Concepts with an VALID_END_DATE <= NOW() and INVALID_REASON IS NULL

I had previously been under the impression that if a concept were to be “invalid”, it’d have the “invalid_reason” populated and the “valid_end_date” set to the date of deprecation; and similarly that if a “valid_end_date” is NOT the default of 2099-12-31 then we would expect for the “invalid_reason” to be populated.

Today I was surprised to discover that this query (on vocabulary v5.0 27-FEB-25):

select 
    vocabulary_id, 
    standard_concept,
    count(*)
from 
    vocab.concept
where 
    invalid_reason is null 
    and valid_end_date <= now()
group by 
    vocabulary_id,
    standard_concept
;

returns these results:

vocabulary_id standard_concept count
CMS Place of Service S 1
CMS Place of Service 3
CPT4 C 324
CPT4 S 1719
CPT4 431
HCPCS S 3028
HCPCS 969
ICD10PCS S 4745
ICD10PCS 29
ICD9Proc S 5
ICD9Proc 1

At first I was worried that something had gone awry in our version of the vocabularies, but I ultimately discovered a forums post describing why this happened for ICD10PCS: ICD10PCS: bringing back deprecated codes.
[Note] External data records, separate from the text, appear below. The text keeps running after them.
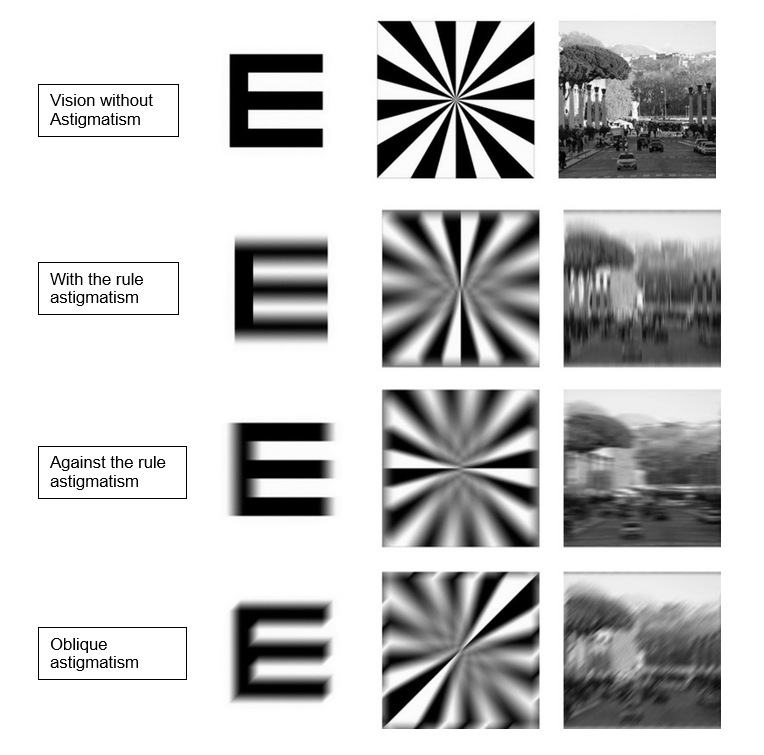 Astigmatism | What is it, Causes and Treatment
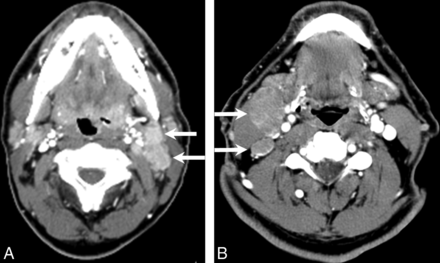 Fig 2.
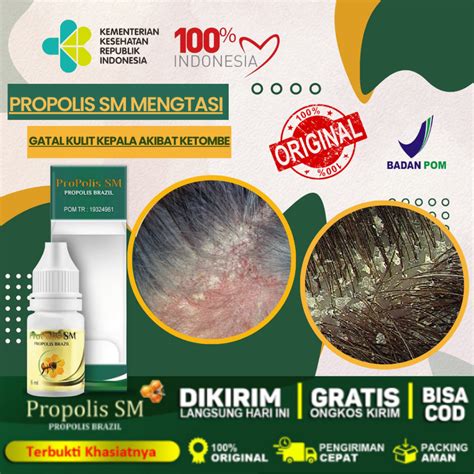 Jual Obat Penghilang Gatal Di Kulit Kepala Akibat Infeksi Jamur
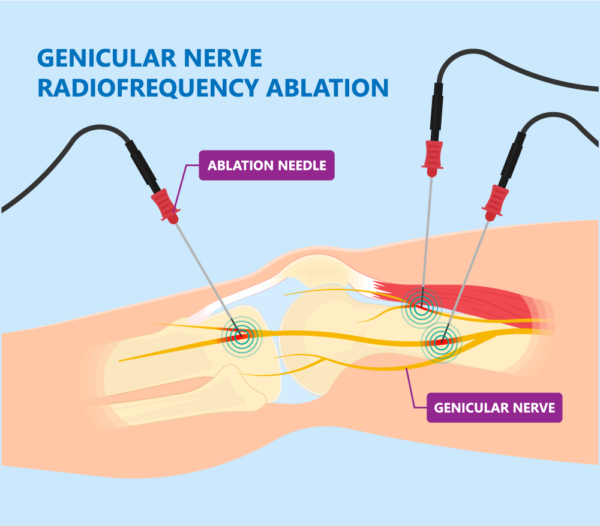 Genicular Nerve Block for Chronic Knee Pain Barr Center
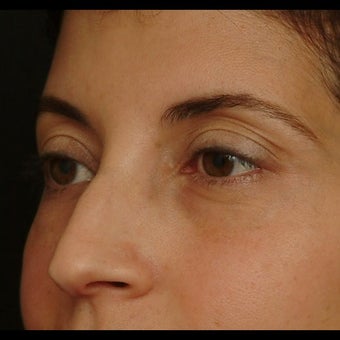45-54 year old woman treated for Eyelid Surgery before 1479653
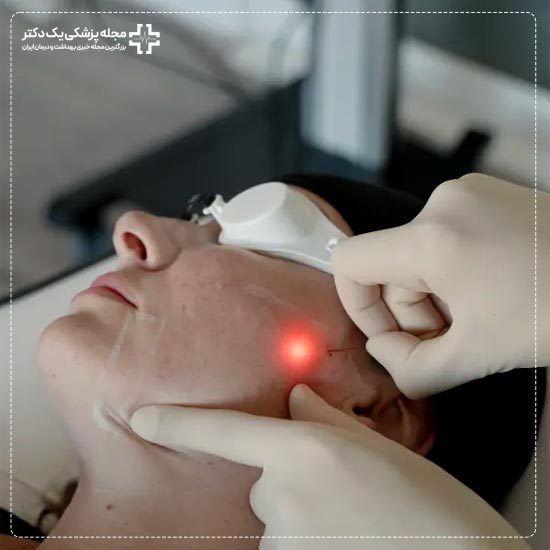 اندولیفت برای زاویه سازی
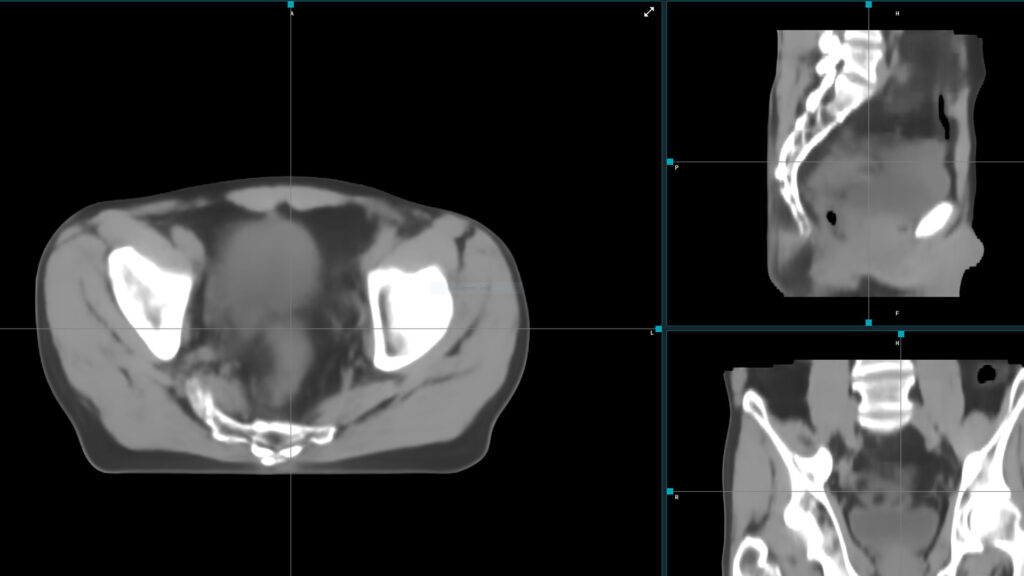 Image+ on a computer screen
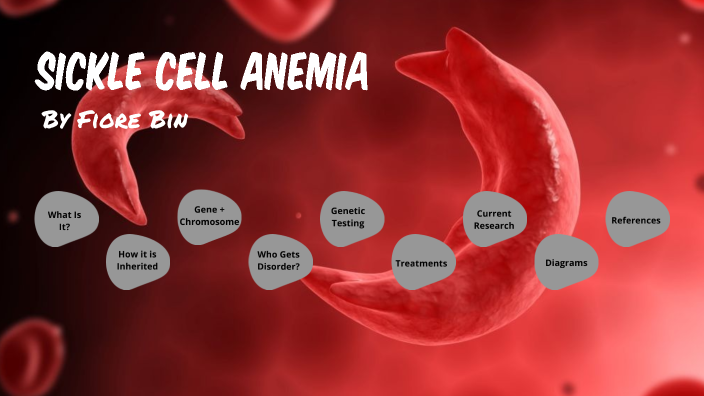 Sickle Cell Anemia by Fiore Bin on Prezi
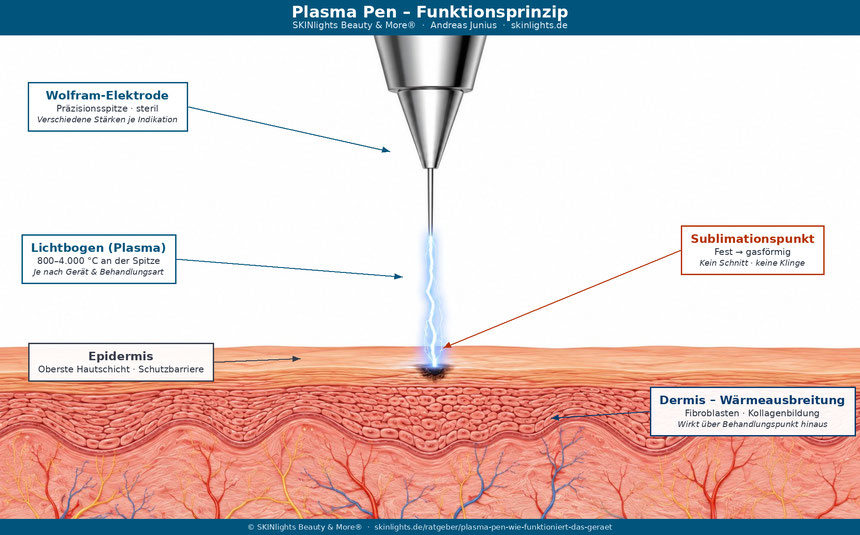Plasma Pen Funktionsprinzip – Lichtbogen zwischen Gerätespitze und Haut, Ionisierung, Sublimationspunkt, Hautschichten Epidermis Dermis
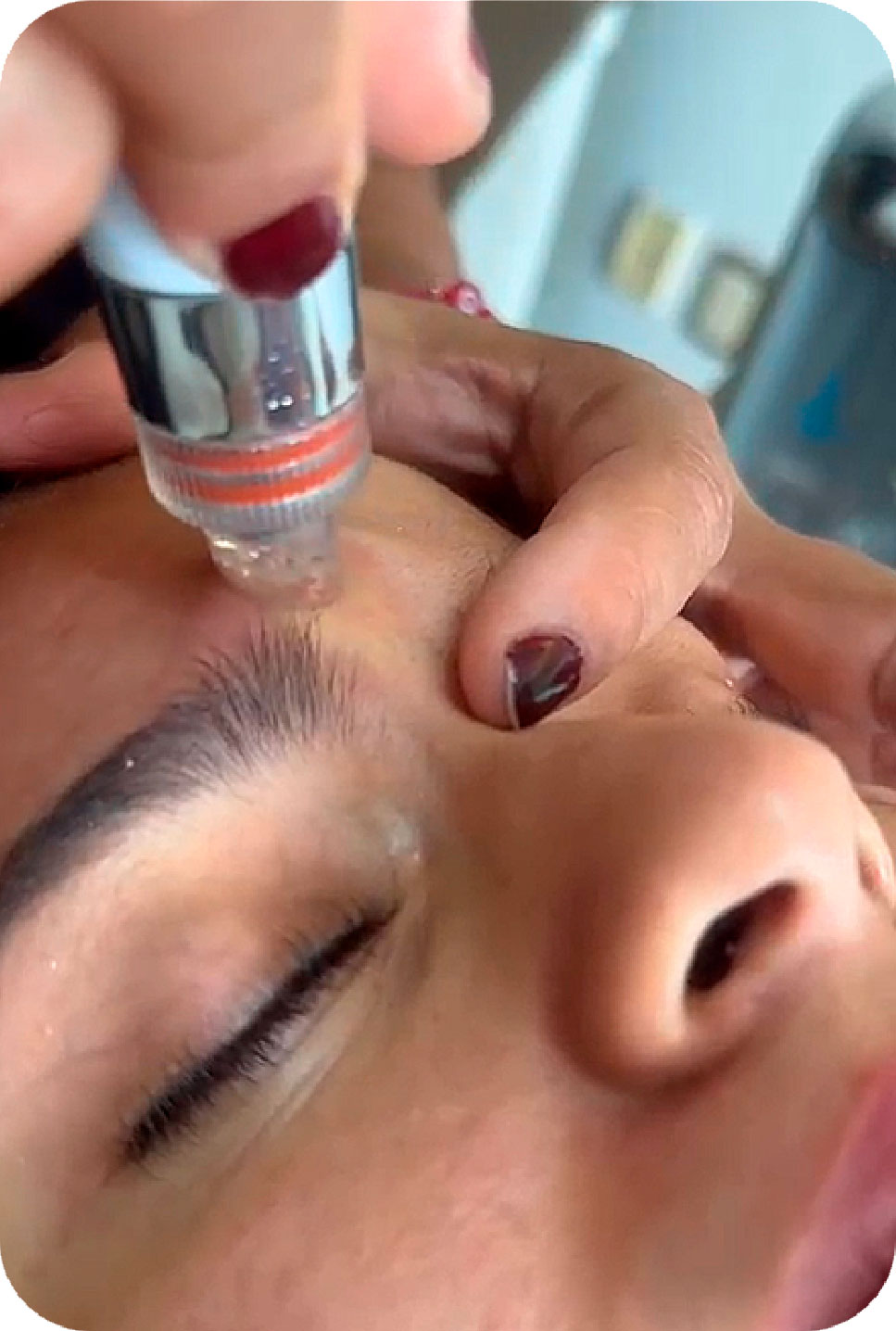 HIDRAFACIAL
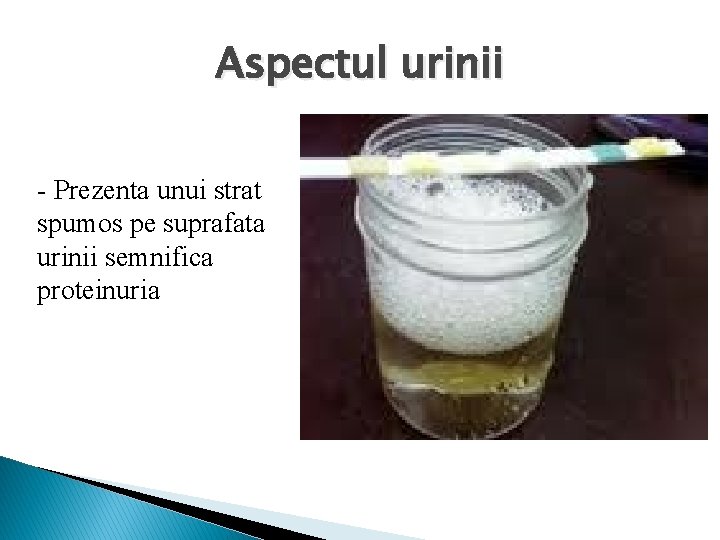 Aspectul urinii - Prezenta unui strat spumos pe suprafata urinii semnifica proteinuria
In the post, there’s a comment that also alludes to this being the case for CPT4 and HCPCS.

My colleague wisely thought to consult the Book of OHDSI and found that Chapter 5 has this documented:

  • Reused code for another new concept
    • Description: The vocabulary reused the concept code of this deprecated concept for a new concept.
    • VALID_START_DATE: Day of instantiation of concept, if that is not known day of incorporation of concept in Vocabularies, if that is not known 1970-1-1.
    • VALID_END_DATE: Day in the past indicating deprecation, or if that is not known day of vocabulary refresh where concept in vocabulary went missing or set to inactive.
    • INVALID_REASON: “R”

However, I can’t find any other documentation referencing the use of “R” – and I’m only seeing values of D, U and NULL in the field (at least, for the vocabularies we’ve downloaded).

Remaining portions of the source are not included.